Visa has launched a new security framework designed to help retailers distinguish between legitimate AI shopping assistants and the malicious bots that increasingly plague e-commerce sites. The Trusted Agent Protocol, announced on Tuesday, provides merchants with cryptographic verification tools as AI-powered commerce traffic experiences dramatic growth.

Context and Background

The protocol addresses a pressing challenge in what Visa terms “agentic commerce”—consumers delegating shopping tasks to AI agents that autonomously search products, compare prices, and complete purchases. According to Adobe data cited by Visa, AI-driven traffic to US retail websites has surged by more than 4,700% over the past year.

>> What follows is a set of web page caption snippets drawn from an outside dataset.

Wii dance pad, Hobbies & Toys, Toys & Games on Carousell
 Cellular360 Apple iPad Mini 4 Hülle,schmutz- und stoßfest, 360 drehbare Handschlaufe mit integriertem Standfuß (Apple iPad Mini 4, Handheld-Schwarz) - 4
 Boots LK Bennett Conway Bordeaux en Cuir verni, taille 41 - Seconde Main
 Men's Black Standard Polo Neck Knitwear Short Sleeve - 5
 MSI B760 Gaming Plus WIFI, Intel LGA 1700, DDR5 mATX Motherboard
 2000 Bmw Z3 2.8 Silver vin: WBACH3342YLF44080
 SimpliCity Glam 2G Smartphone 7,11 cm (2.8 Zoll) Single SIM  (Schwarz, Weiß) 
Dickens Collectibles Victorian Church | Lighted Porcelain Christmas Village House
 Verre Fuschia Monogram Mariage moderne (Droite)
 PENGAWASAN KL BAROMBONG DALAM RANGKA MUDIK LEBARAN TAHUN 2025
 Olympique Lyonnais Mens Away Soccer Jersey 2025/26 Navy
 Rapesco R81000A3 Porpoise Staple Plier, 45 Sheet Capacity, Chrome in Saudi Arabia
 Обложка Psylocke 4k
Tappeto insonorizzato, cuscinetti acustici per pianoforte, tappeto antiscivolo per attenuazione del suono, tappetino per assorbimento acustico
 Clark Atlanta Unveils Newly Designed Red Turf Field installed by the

This explosive growth has created significant difficulties for merchants whose existing bot detection systems now risk blocking legitimate AI shoppers alongside malicious actors. Visa prevented $40 billion in fraudulent activity between October 2022 and September 2023, nearly double the previous year, with much involving AI-powered attacks where bots systematically test card credentials.

The system operates through a three-step cryptographic handshake. AI agents must first gain approval through Visa’s Intelligent Commerce programme, receiving unique digital signature keys. When visiting merchant websites, approved agents transmit their intent, consumer recognition data, and optional payment information. Merchants or their infrastructure providers then validate these signatures against Visa’s registry.

Looking Forward

Built on the HTTP Message Signature standard and aligned with Web Bot Auth, the protocol requires minimal changes to existing merchant infrastructure. Visa developed it in partnership with Cloudflare, with input from Microsoft, Shopify, Adyen, and other major payment processors.

The launch positions Visa in competition with Google’s Agent Protocol for Payments (AP2), OpenAI, and Stripe, all developing their own approaches to AI commerce verification. Rubail Birwadker, Visa’s Global Head of Growth, emphasised collaboration: “We are engaged with Google, OpenAI, and Stripe and are looking to create compatibility across the ecosystem.”

The protocol is available immediately through Visa’s Developer Center and GitHub, though merchant adoption will likely depend on how quickly AI agents begin accounting for significant shares of completed transactions rather than just browsing activity.